PROBLEM DESCRIPTION :: Nothing but the lines below from the one with "A VINTAGE 18CT GOLD KNOT RING. 6 grams. M." through the one with "Beyaz ahşap zemin" should be output, each exactly as given, and no pictures.
[GIVEN RECORDS — start]
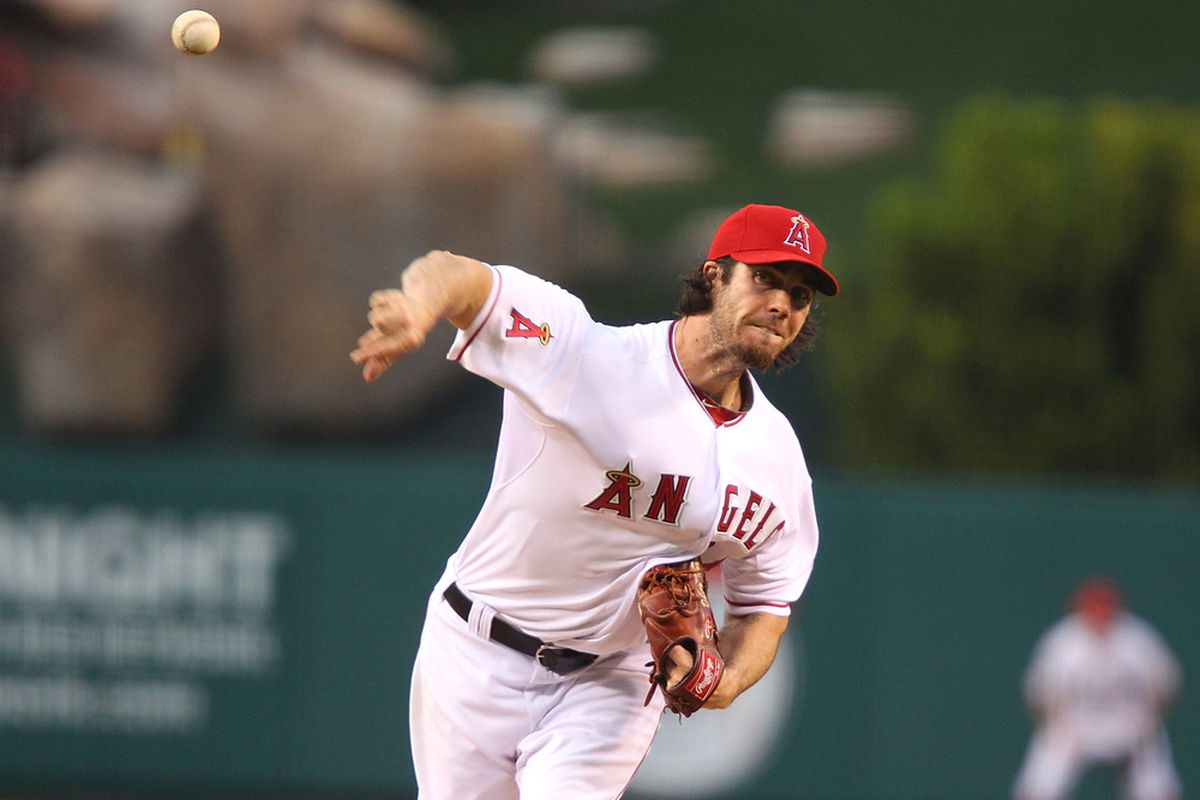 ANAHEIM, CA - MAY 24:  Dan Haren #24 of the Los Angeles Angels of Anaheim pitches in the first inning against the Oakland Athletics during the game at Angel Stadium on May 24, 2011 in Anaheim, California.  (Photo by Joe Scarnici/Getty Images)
[GIVEN RECORDS — finish]
[GIVEN RECORDS — start]
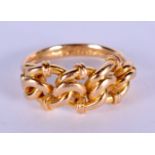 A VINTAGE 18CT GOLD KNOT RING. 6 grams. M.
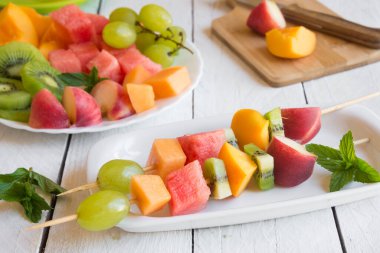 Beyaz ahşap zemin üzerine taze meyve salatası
[GIVEN RECORDS — finish]
COMPLETED TASK ::
 A VINTAGE 18CT GOLD KNOT RING. 6 grams. M.
 Beyaz ahşap zemin üzerine taze meyve salatası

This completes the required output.